## HOW TO COMPLETE THIS TASK
In your reply, print every line of the listing exactly and omit all images.

## DATA BLOCK
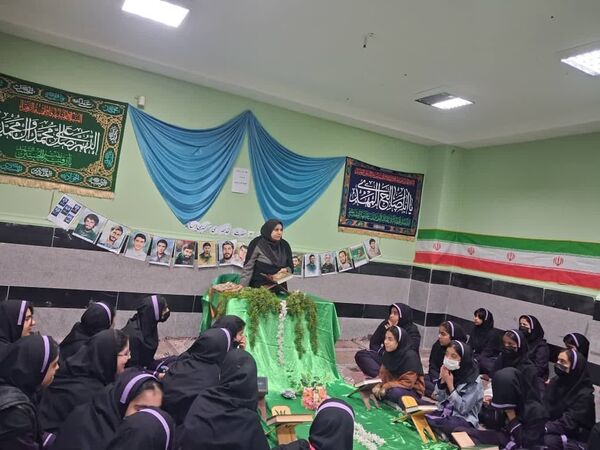 برگزاری محفل انس با قرآن کریم در مدرسه حضرت خدیجه کبری (س) جم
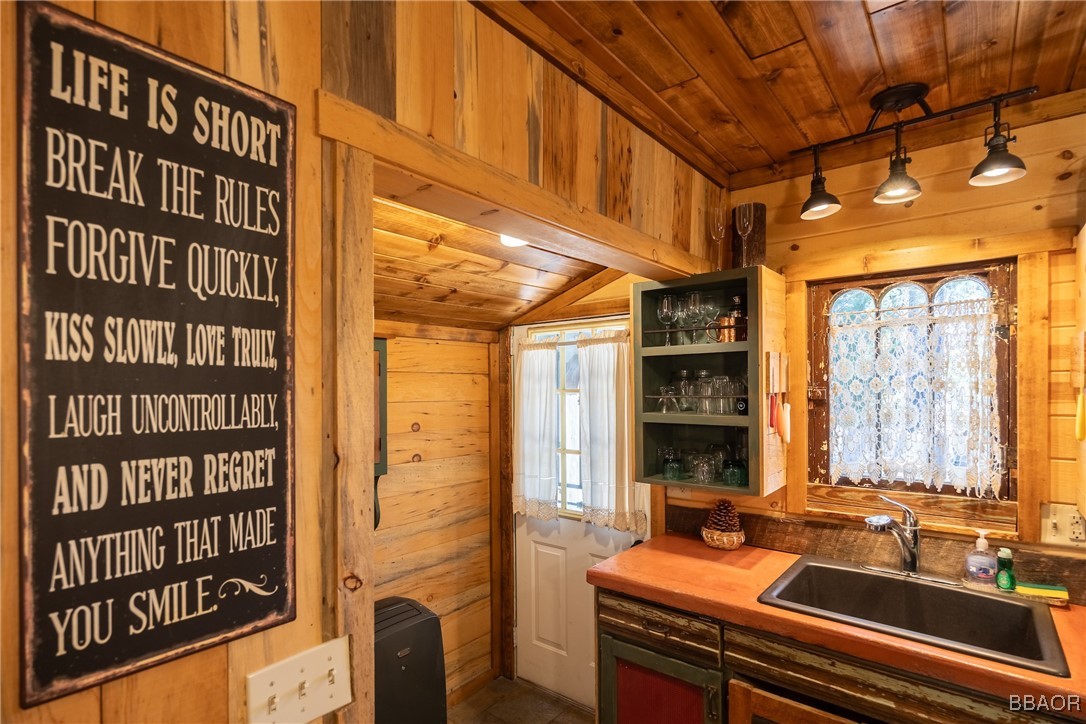40114 Esterly Lane Property Photo 25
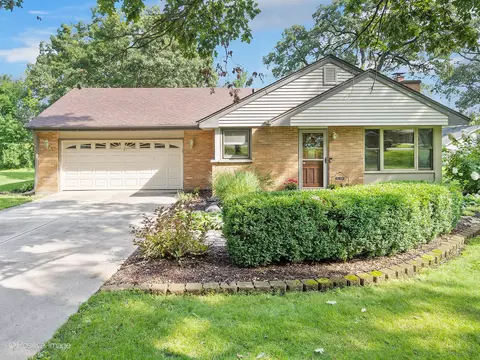 43 W820 Old Midlothian Rd, Elburn, IL 60119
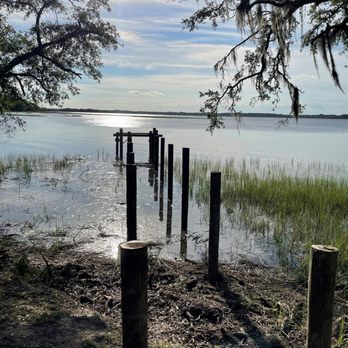 Andre's Marine Repairs - Posts set in Wadmalaw Island - Carpenters Near Me Andre's Marine Repairs - Posts set in Wadmalaw Island - Carpenters Near Me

## WRITTEN RESPONSE
 برگزاری محفل انس با قرآن کریم در مدرسه حضرت خدیجه کبری (س) جم
40114 Esterly Lane Property Photo 25
 43 W820 Old Midlothian Rd, Elburn, IL 60119
 Andre's Marine Repairs - Posts set in Wadmalaw Island - Carpenters Near Me Andre's Marine Repairs - Posts set in Wadmalaw Island - Carpenters Near Me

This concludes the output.